= Lawless v. Ireland =

1960 judgment of the European Court of Human Rights

Lawless v Ireland (1957–1961) was the first international court case decision that involved the interpretation of international human rights law and the first one filed against a country. It was referred to the European Court of Human Rights and the judgement by that court was its first.

The case was filed by Gerard Richard Lawless, who had been an IRA member, although he claimed to have left the IRA. He was arrested on 11 July 1957, as he was about to travel to Great Britain from Ireland, and subsequently detained under the special powers of indefinite detention without trial under the Offences against the State (Amendment) Act 1940. The case was filed by Lawless for violation, by the Irish Government, of Articles 5, 6 and 7 of the European Convention of Human Rights, providing rights to liberty and security, fair trial and the principle of "no punishment without law".

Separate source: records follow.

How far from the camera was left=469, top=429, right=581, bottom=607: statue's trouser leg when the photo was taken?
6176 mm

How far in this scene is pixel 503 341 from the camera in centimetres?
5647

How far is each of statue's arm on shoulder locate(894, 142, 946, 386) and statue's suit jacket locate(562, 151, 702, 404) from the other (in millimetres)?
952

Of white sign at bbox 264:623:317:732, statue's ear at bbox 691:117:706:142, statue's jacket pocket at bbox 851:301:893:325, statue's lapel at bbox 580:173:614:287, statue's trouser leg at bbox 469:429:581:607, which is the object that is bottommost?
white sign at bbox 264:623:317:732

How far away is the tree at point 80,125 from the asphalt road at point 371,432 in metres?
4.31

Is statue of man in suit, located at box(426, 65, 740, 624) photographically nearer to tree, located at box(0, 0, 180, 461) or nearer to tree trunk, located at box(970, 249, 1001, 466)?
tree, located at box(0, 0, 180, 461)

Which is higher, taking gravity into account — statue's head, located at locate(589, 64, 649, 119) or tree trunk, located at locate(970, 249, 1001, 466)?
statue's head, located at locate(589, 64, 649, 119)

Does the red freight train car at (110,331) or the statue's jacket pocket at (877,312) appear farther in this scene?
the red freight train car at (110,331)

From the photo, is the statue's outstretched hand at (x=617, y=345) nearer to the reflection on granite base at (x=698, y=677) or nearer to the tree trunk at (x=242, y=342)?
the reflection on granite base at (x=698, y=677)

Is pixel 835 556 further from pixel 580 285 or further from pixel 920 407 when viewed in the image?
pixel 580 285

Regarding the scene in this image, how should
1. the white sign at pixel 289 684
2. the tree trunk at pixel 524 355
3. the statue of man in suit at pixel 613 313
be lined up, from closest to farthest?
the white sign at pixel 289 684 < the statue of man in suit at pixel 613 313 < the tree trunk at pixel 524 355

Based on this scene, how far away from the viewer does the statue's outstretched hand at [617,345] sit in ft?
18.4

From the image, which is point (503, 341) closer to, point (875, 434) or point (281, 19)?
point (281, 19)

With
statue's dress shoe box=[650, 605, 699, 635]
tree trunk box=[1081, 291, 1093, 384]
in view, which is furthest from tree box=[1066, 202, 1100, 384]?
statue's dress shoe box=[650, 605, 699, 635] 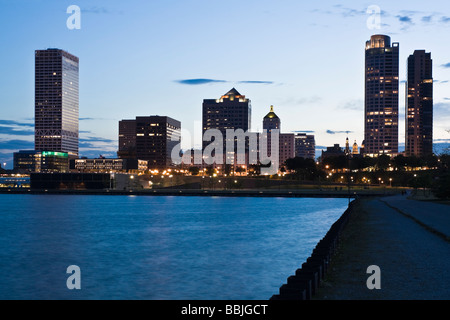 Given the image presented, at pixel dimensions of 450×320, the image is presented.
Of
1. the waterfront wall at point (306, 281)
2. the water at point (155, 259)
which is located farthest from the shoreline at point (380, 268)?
the water at point (155, 259)

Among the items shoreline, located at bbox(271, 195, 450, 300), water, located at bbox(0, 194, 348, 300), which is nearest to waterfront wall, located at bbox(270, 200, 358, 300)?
shoreline, located at bbox(271, 195, 450, 300)

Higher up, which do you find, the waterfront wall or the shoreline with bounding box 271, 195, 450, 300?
the waterfront wall

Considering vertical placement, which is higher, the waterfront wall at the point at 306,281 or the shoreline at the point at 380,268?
the waterfront wall at the point at 306,281

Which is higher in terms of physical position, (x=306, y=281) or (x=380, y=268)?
(x=306, y=281)

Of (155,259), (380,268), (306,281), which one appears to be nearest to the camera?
(306,281)

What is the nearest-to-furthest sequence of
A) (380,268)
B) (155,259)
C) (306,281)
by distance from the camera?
(306,281) < (380,268) < (155,259)

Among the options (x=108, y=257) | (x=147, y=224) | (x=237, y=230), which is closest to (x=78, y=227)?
(x=147, y=224)

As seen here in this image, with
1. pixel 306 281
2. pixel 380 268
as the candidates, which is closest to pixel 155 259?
pixel 380 268

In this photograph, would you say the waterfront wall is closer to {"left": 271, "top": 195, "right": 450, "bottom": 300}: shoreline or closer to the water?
{"left": 271, "top": 195, "right": 450, "bottom": 300}: shoreline

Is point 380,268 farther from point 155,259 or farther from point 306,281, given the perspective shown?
point 155,259

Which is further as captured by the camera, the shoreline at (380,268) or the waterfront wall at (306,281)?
the shoreline at (380,268)

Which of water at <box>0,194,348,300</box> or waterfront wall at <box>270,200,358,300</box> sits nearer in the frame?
waterfront wall at <box>270,200,358,300</box>

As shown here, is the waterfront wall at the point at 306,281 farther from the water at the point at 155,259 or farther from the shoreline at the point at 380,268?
the water at the point at 155,259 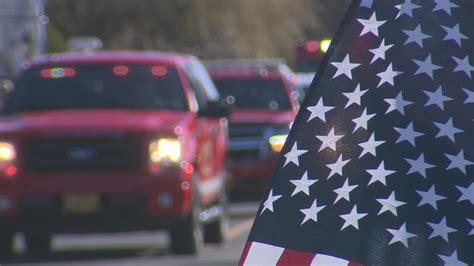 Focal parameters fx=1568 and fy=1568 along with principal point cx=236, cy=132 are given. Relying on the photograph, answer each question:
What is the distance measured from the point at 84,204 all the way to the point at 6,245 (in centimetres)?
95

The Offences against the State (Amendment) Act 1940 was introduced by the Irish government as a response to a sabotage campaign initiated by the IRA in January 1939. Lawless was an IRA member and had been arrested in 1956 after guns and other weapons were found in County Leitrim; he was subsequently tried and acquitted, but later charged and convicted and sentenced to a month's imprisonment for possessing maps for attacks on British posts on the border between Ireland and Northern Ireland, and possessing documents advocating guerilla attacks on British officials and property; however he was acquitted by the same court on the charge of being a member of the IRA. Lawless was detained under emergency legislation on his third arrest.

The Irish government's case was presented by the Attorney General of Ireland, Aindrias Ó Caoimh, while Lawless was represented by Seán MacBride. The case was dismissed because emergency legislation was used. The verdict was handed down on 14 November 1960.